[Given data — start]
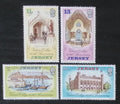 Jersey 1977 125 let Victoria's College, budovy, přístav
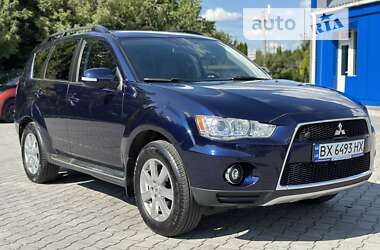 Внедорожник / Кроссовер Mitsubishi Outlander 2010 в Хмельницком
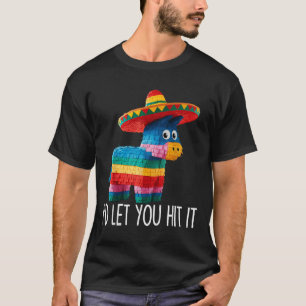 T-shirt Drôle Cinco De Mayo Drôle Pinata Sombrero Hommes C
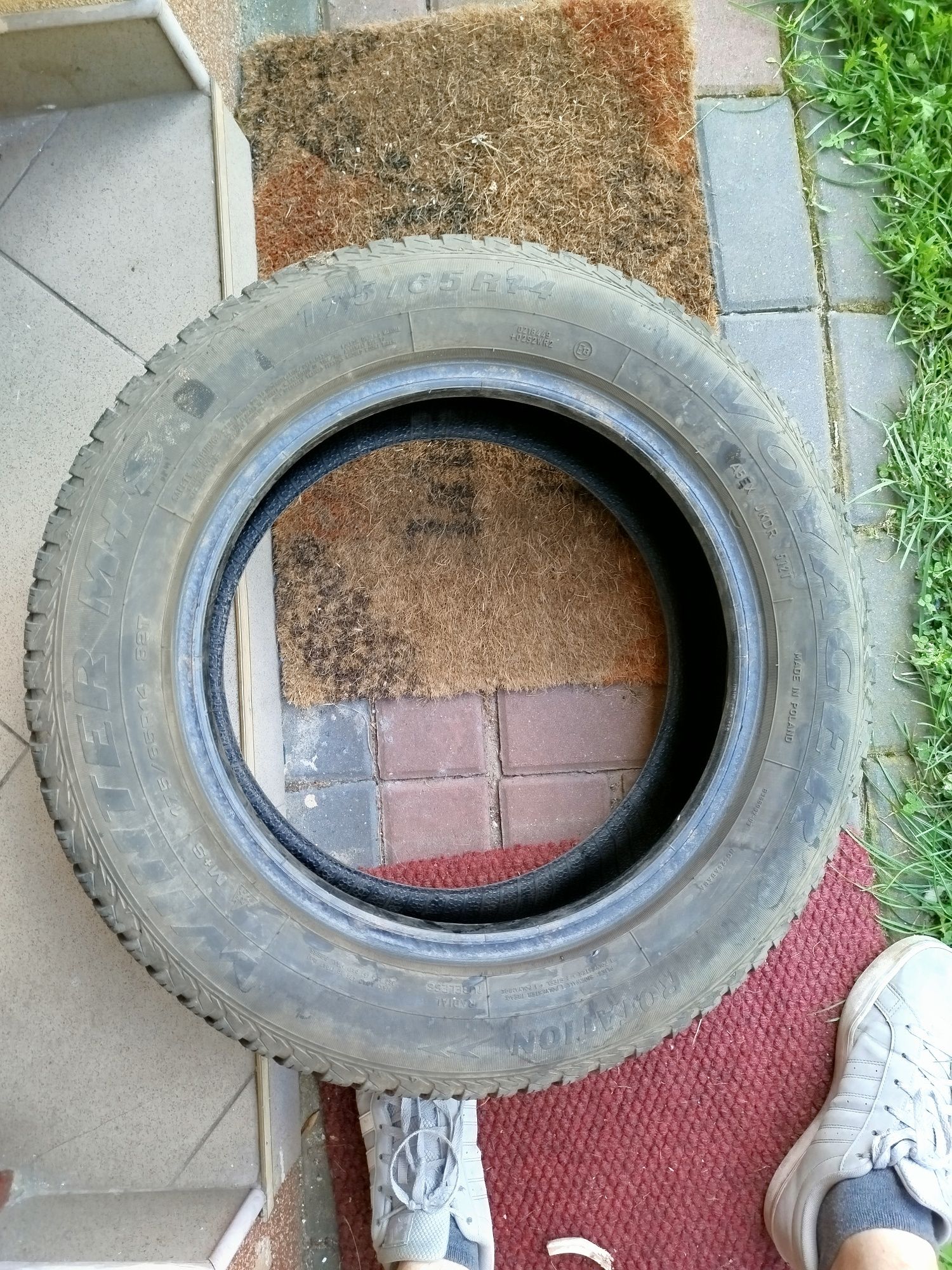 Opony zimowe komplet 175/65/14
[Given data — finish]
§ **To do**: From the first line to the last, write out the data exactly, omitting any pictures.

§ **Your solution**:
 Jersey 1977 125 let Victoria's College, budovy, přístav
 Внедорожник / Кроссовер Mitsubishi Outlander 2010 в Хмельницком
 T-shirt Drôle Cinco De Mayo Drôle Pinata Sombrero Hommes C
 Opony zimowe komplet 175/65/14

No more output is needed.